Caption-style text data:

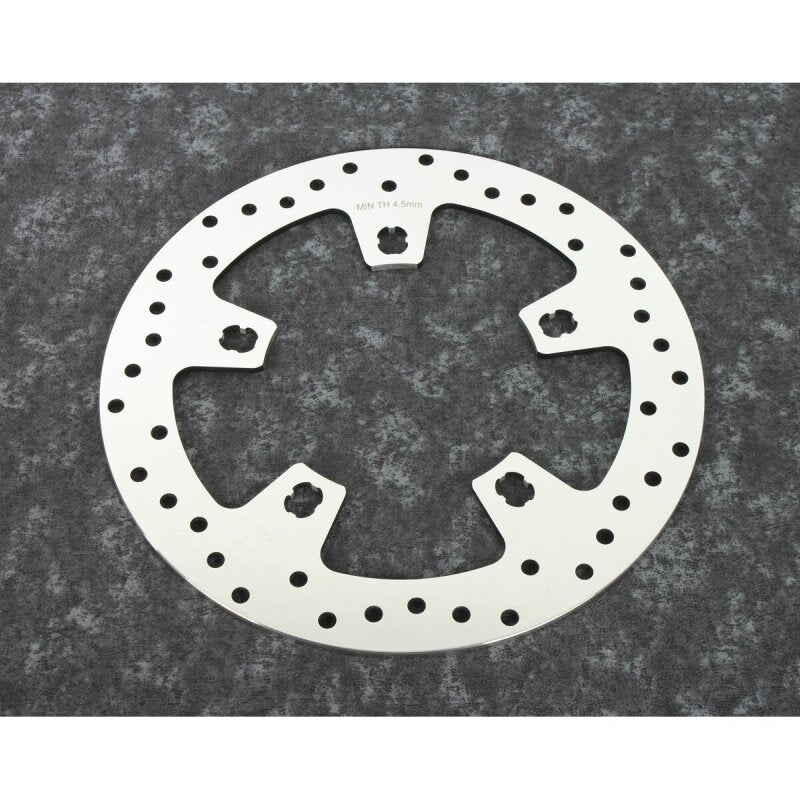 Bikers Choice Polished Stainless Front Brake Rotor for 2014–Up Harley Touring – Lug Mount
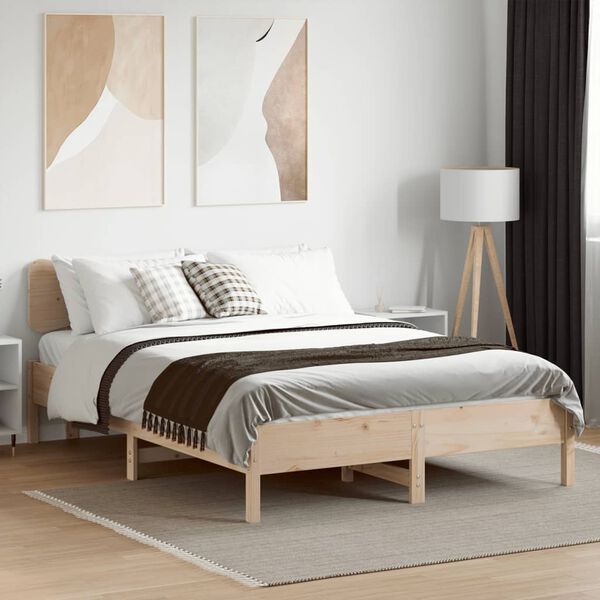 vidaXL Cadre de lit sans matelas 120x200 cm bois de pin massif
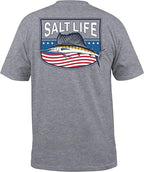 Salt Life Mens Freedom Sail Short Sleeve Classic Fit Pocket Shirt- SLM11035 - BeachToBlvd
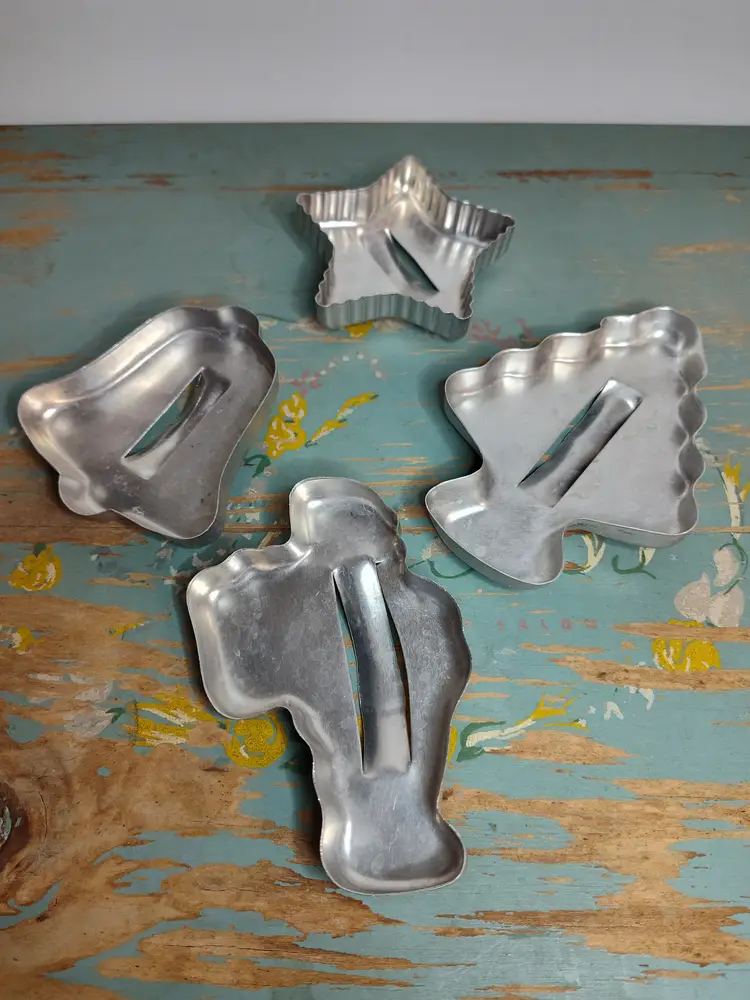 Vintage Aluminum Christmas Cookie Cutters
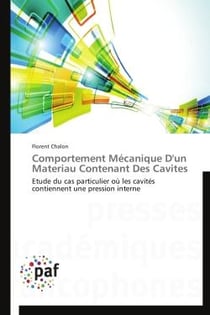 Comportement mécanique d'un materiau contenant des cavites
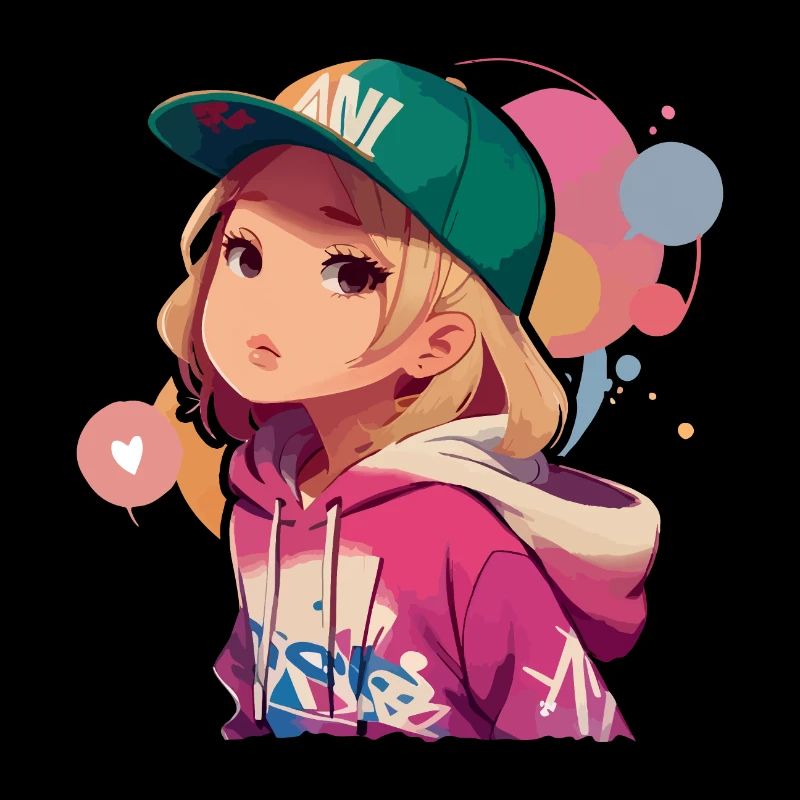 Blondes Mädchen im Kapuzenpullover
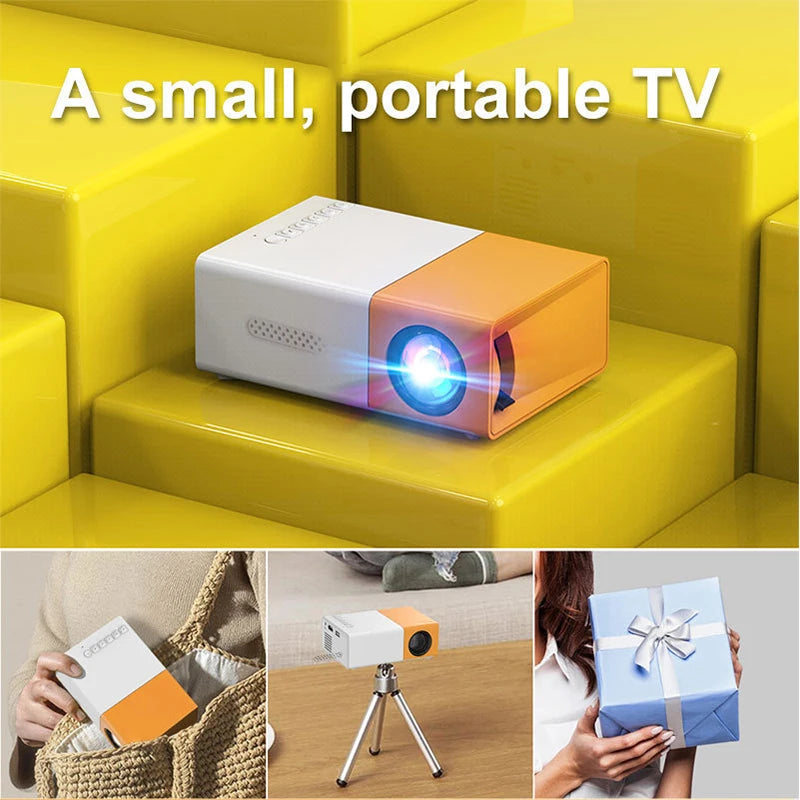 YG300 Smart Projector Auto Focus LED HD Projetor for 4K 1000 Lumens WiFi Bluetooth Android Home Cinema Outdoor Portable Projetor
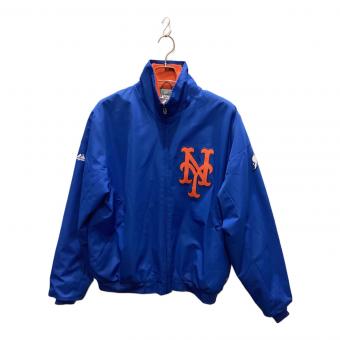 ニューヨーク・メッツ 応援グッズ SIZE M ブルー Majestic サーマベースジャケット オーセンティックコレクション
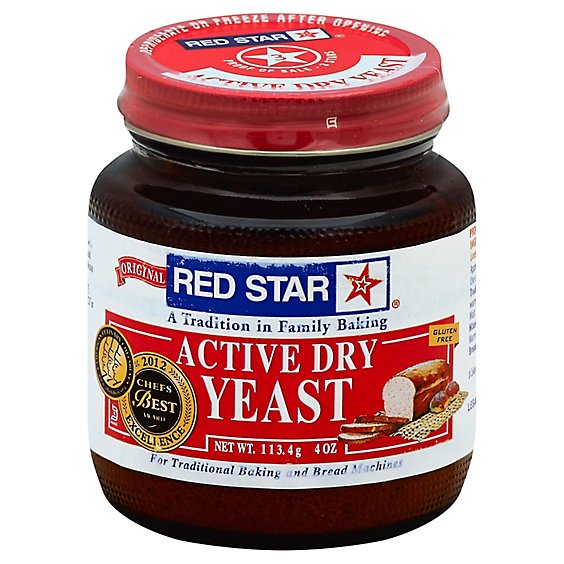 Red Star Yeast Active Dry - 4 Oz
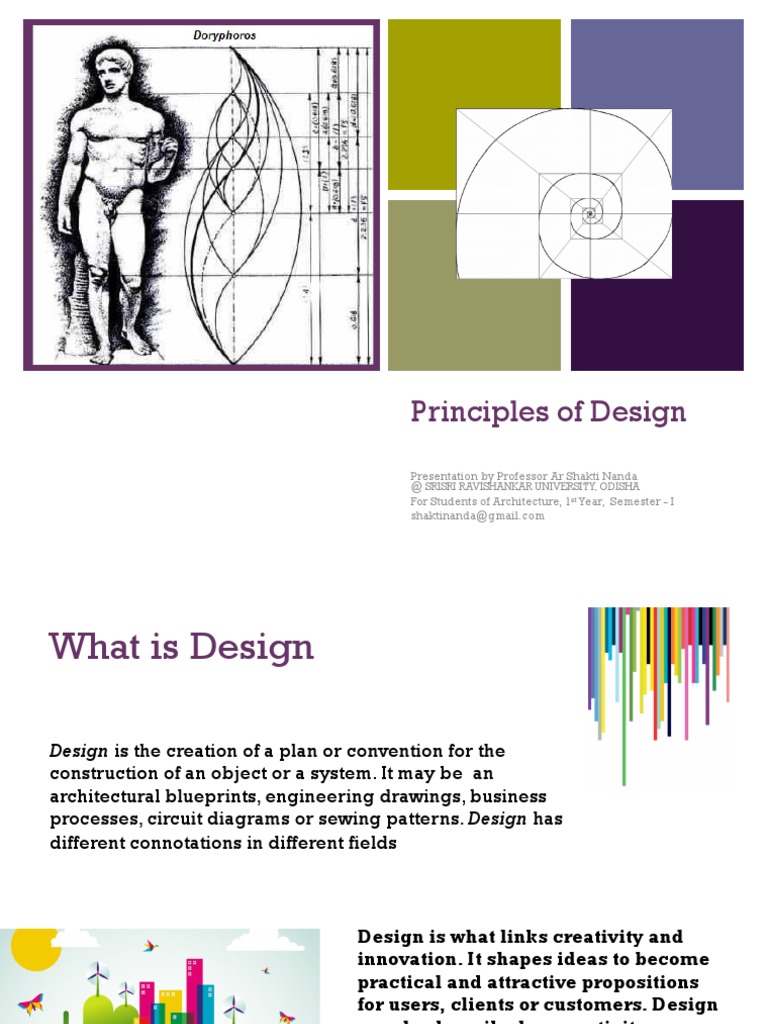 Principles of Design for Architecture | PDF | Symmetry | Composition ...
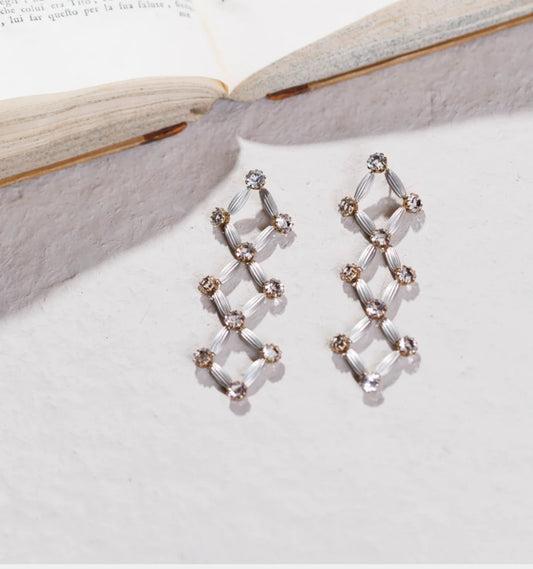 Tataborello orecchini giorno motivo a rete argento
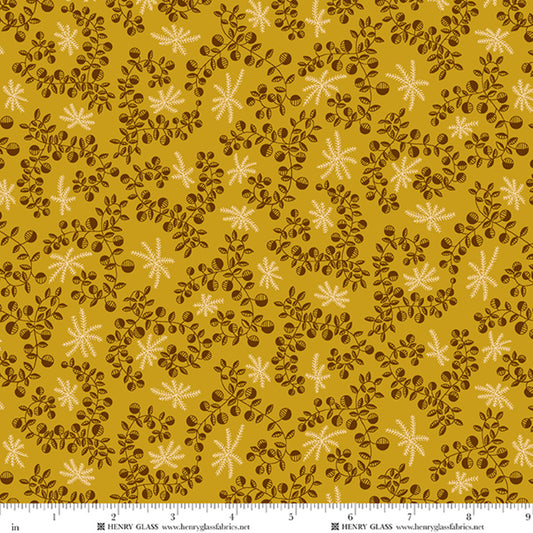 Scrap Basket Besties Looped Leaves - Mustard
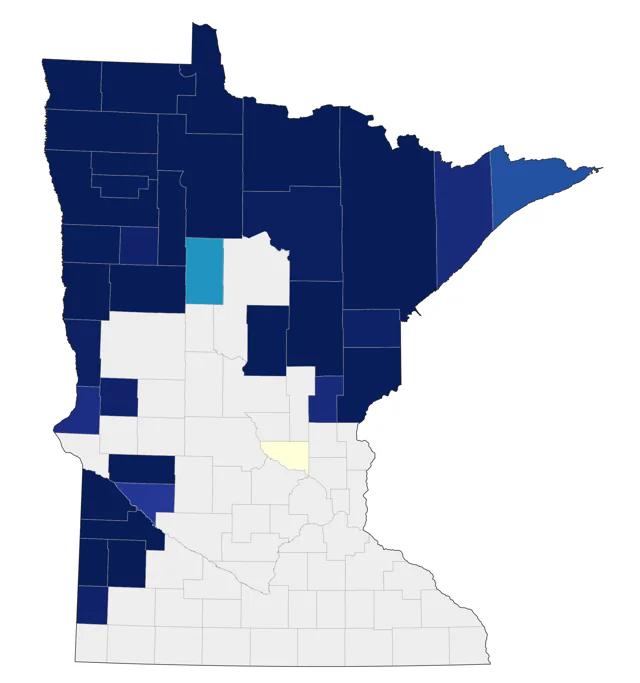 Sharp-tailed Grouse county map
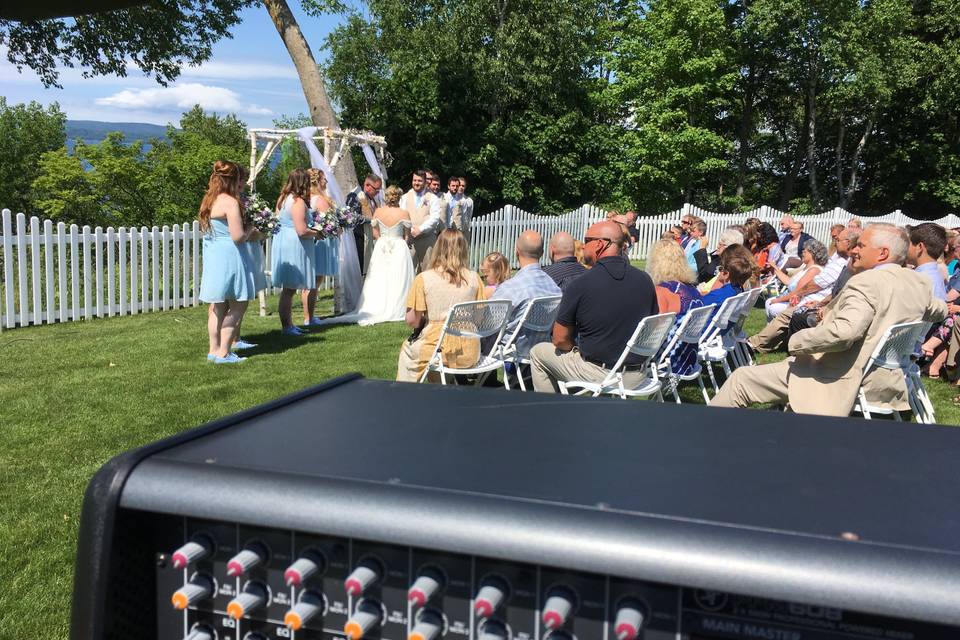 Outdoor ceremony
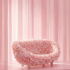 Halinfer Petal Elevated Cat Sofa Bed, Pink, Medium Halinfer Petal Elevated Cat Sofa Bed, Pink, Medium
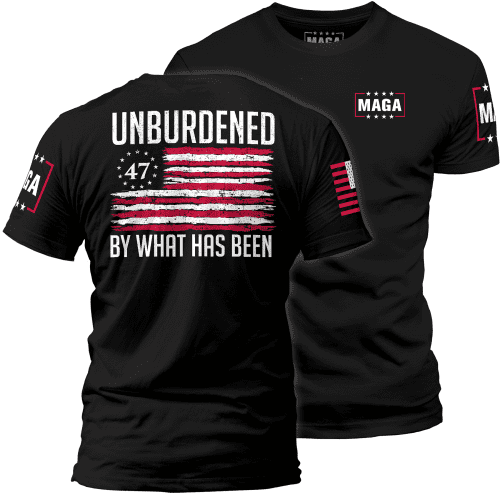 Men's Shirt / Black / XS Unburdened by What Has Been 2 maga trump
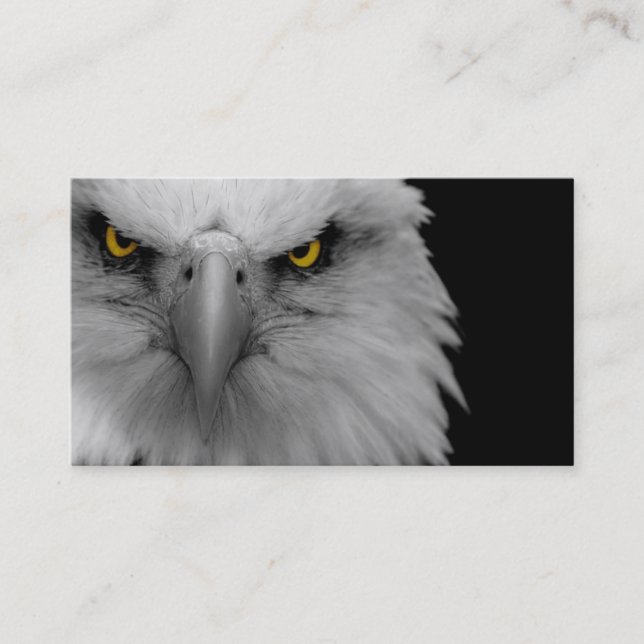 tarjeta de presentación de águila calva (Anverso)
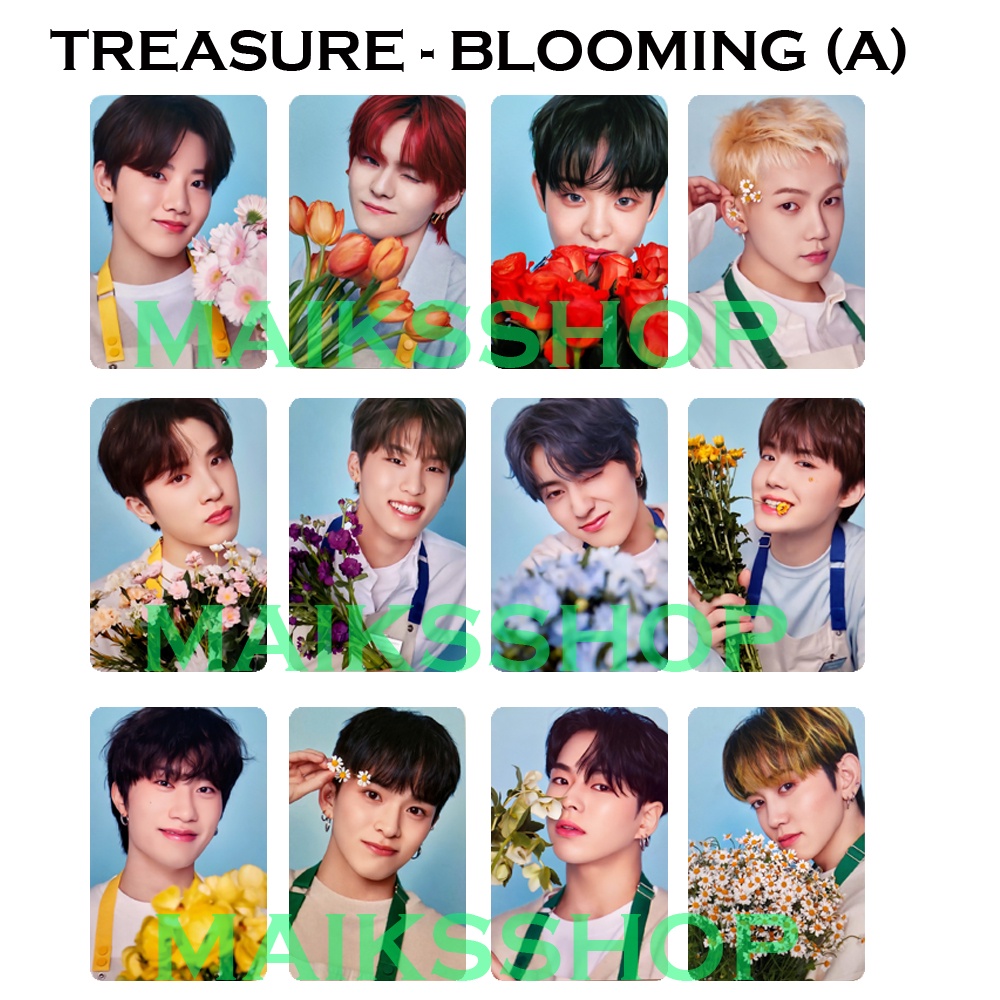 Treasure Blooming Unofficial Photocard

What you should do:
Copy the records above exactly. The pictures are not part of the copy.

Answer:
 Bikers Choice Polished Stainless Front Brake Rotor for 2014–Up Harley Touring – Lug Mount
 vidaXL Cadre de lit sans matelas 120x200 cm bois de pin massif
 Salt Life Mens Freedom Sail Short Sleeve Classic Fit Pocket Shirt- SLM11035 - BeachToBlvd
 Vintage Aluminum Christmas Cookie Cutters
 Comportement mécanique d'un materiau contenant des cavites
 Blondes Mädchen im Kapuzenpullover
 YG300 Smart Projector Auto Focus LED HD Projetor for 4K 1000 Lumens WiFi Bluetooth Android Home Cinema Outdoor Portable Projetor
 ニューヨーク・メッツ 応援グッズ SIZE M ブルー Majestic サーマベースジャケット オーセンティックコレクション
 Red Star Yeast Active Dry - 4 Oz
 Principles of Design for Architecture | PDF | Symmetry | Composition ...
 Tataborello orecchini giorno motivo a rete argento
 Scrap Basket Besties Looped Leaves - Mustard
 Sharp-tailed Grouse county map
 Outdoor ceremony
 Halinfer Petal Elevated Cat Sofa Bed, Pink, Medium Halinfer Petal Elevated Cat Sofa Bed, Pink, Medium
 Men's Shirt / Black / XS Unburdened by What Has Been 2 maga trump
 tarjeta de presentación de águila calva (Anverso)
 Treasure Blooming Unofficial Photocard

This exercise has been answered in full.